Rent collected (net of losses)

$652,680

Vacancy loss

$35,280

Concession loss

$10,584

Credit loss

$7,056

Economic occupancy

90.6%

How the math works

EGI = gross potential rent − loss to lease − vacancy − concessions − credit loss + other income. It is the top line for NOI. Economic occupancy (rent collected / GPR) reveals how much revenue the asset is actually converting.

Physical occupancy counts occupied units; economic occupancy counts collected rent. A property can be 95% physically occupied but 88% economic if it leaks heavily on concessions and credit loss.

How to Use

  1. Enter gross potential rent (every unit at market rent, 100% occupied).
  2. Enter vacancy, concessions, credit loss, and loss to lease percentages.
  3. Enter annual other income (parking, pet rent, laundry, late fees).
  4. Read EGI, rent collected, and economic occupancy.

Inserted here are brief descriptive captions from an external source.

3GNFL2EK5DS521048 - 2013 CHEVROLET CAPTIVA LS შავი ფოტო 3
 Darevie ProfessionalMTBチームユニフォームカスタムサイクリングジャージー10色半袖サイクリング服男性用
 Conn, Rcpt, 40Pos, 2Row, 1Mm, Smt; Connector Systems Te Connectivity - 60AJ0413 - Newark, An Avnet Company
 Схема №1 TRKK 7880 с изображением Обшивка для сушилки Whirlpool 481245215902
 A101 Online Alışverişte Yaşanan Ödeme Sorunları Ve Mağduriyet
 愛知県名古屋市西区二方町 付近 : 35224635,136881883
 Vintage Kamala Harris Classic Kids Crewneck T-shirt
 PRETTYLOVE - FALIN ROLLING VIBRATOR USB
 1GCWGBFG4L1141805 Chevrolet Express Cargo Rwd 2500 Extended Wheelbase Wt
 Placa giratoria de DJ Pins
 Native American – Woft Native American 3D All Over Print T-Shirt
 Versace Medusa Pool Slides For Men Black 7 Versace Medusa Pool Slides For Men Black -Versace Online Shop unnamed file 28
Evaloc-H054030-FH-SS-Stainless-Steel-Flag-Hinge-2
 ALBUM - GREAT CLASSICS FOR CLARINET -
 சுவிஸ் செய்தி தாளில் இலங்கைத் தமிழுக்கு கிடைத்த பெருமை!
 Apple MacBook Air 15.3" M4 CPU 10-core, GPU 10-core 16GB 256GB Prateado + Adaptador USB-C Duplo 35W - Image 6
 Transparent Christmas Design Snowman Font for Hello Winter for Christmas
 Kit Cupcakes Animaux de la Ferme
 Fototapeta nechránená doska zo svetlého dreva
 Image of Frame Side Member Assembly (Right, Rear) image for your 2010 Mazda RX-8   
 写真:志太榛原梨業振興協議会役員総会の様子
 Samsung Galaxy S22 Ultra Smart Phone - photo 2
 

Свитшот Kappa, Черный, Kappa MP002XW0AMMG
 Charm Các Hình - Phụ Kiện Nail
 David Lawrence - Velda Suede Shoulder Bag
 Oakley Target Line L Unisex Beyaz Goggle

Frequently Asked Questions

Difference between EGI and rent roll?

Rent roll shows current contract rent. EGI projects rent actually collectable net of vacancy and losses, plus ancillary income. EGI is the revenue line that goes into NOI.

Is concession included twice?

No — concessions and loss to lease are separate. L2L is the gap between market and contract rent; concessions are one-time discounts like 'one month free' at signing.

Other income examples?

Parking, laundry, pet rent/fees, storage, cable bulk, late fees, application fees, RUBS utility reimbursements, vending, short-term furnished premium.